On the other hand, if you're running critical business applications, then the lack of clustering and support can bite you in the rear. One server running everything on an ESXi server will mean maintenance takes everything down, or a blown power supply or controller or bad RAM will take out a number of servers rather than just the one. That's where the expensive support contracts or additional licensing comes in handy, so you can have availability and redundancy available when the users are outside the server room with pitchforks and torches screaming for your digital behind on a spit.

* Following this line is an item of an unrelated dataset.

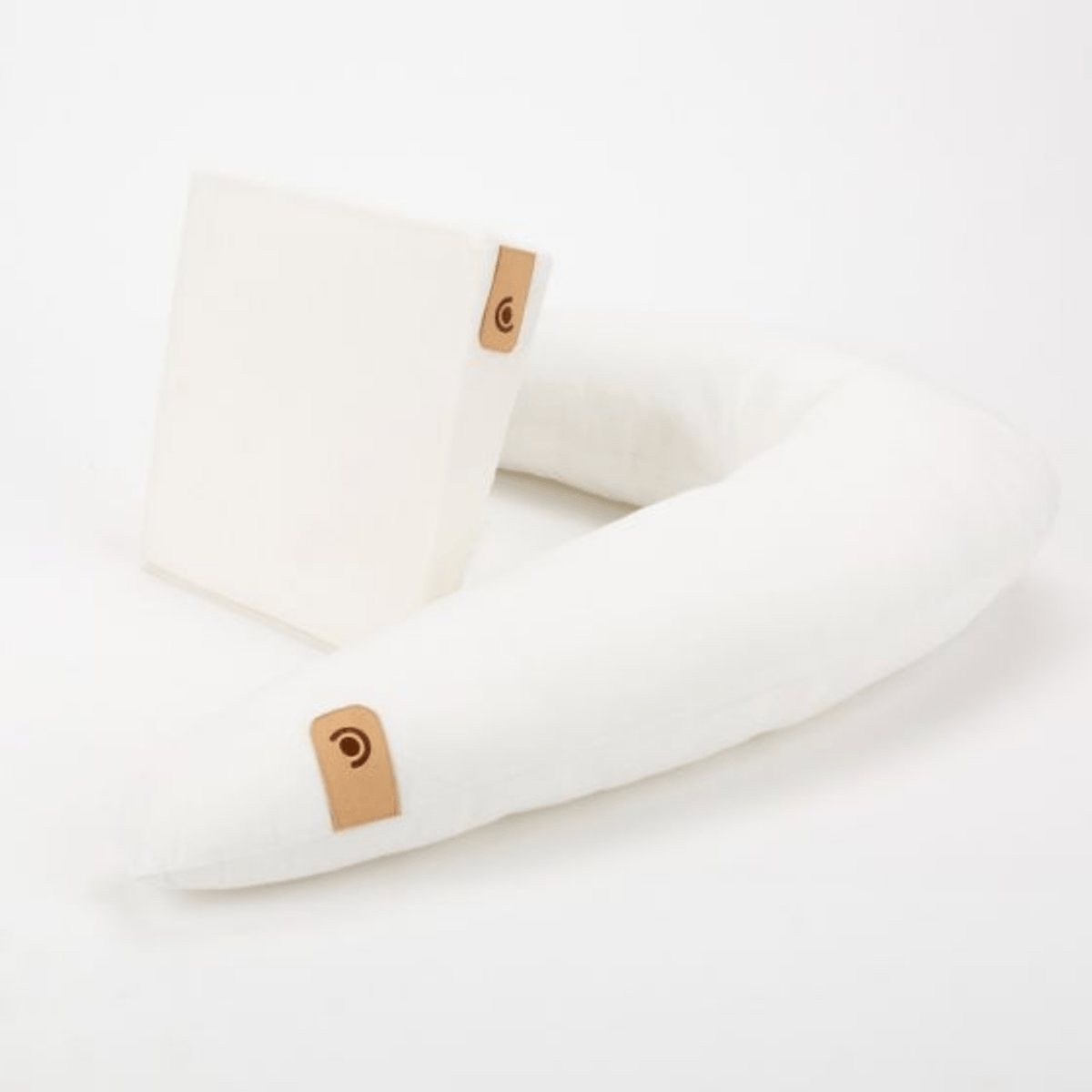 White pillow with a brown tag on a white background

Small businesses could probably get away with 2 relatively cheap "white boxes" (google it), systems that are homebrewed but fit VMWare's specs to run ESXi for free, then coming up with a schedule to back up and duplicate VM's from the "production" box to the "backup" box, so if a machine dies you fire up the twin and have users use services from that while repairing the other, or splitting the services so that while VM's 1,2,3,4, and 5 are on both machines, you can actually run 1,2, and 3 on box one and VM's 4 and 5 on the other, firing all 5 up in the event of failure.

Or you can get 2 white boxes, connect them to external storage that gets backed up, and store your VM's on that so you have 2 front-end servers that can dole out VM's from the shared storage (which you'd need for full-blown migration and redundancy anyway in most cases).

I'd definitely want some form of hardware backup in case the server dies.

Otherwise you'll want some support contract or pay for migration, as I don't know if you'd want to learn how to get something like fencing and high availability on production systems. It can be done, though. If you search for "linux high availability" you'll find projects like heartbeat and DRBD that can get something working between 2 or 3 Linux servers with redundancy over Ethernet and it can be coupled with XEN. I'd be nervous about doing it with production systems as my trial by fire, but hey...I don't know how adventurous you are. Otherwise more "polished" tools are available from Red Hat and VMWare and Citrix.